Say for instance that I’m writing a book that involves a love affair and instead of the two lovers getting together in the end, the guy decides to go home to his wife, so his lover shoots him.
Character: I can give hints of her jealous nature, or her tendency to do rash things. I can set up the evidence that she is capable of taking a life. And as for him, maybe I need to heighten his inability to make decisions or insert scenes where we see him back out of commitments.
Setting and story world: It would be helpful if guns were normal part of her life so that grabbing a gun in that final scene isn’t contrived. And we would know she knows how to use it. Perhaps she works as a park ranger or her father and brothers are all hunters. Maybe she’s a biathlete.
Theme: The theme may now be betrayal or jealousy rather than self-acceptance or trust. I can build this into subplots or other characters either to echo the theme or contrast it.
And notice we are talking here about knowing the ending only. Not outlining the whole novel. Knowing where you’re headed simply allows you to write a tighter and more focussed story.
The idea can be applied to smaller segments of your novel too. Events in a believable plot all hinge on cause and effect; on action and reaction. Equally, you can think of it in reverse: he did this because she did that, or they are in this situation because this happened yesterday.

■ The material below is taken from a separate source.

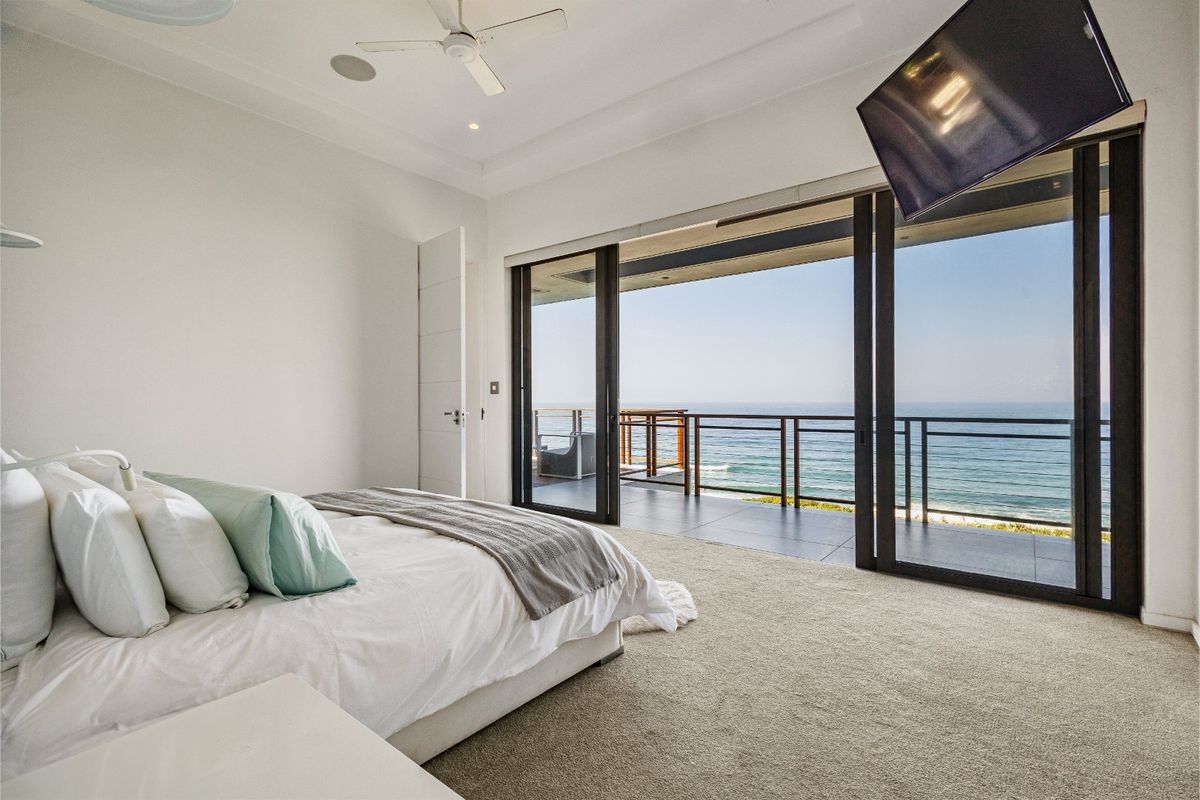 Spacious bedroom featuring large sliding glass doors that open onto a private balcony with expansive ocean views.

Coming at it in reverse can be useful when you get to a point in the story and don’t know how to link to a scene that you know comes up in the future.
For example, if I knew that Clara needed to arrive back at her childhood home just as it was burning to the ground, but right now in the story she is happily away at school with no intention of going home, I can visualize the fire scene and work backwards:
How do you work backwards? Ask questions: What would have happened immediately before this house burning scene to cause it? And what would have happened before that scene to cause that? And so on like dominos to the point in the story where Clara is at school.
Why is the house burning down? Who started it? How are they connected to Clara? Is there a reason they might be so angry or so depressed that they would want to force her to go home?
If the fire is not deliberate, what other things might make Clara come home in the middle of term? Is Clara or someone else ill? How did Clara arrive there………
Now with the scenes slotted in to the next point, I can write forwards again, logically and with purpose. Instead of writing forward with a blindfold, I’m just filling in the blanks.
Kurt Vonnegut said, “A step backward, after making a wrong turn, is a step in the right direction.”
It seems that a step backward in writing, when you don’t know where you’re going, is also a step in the right direction.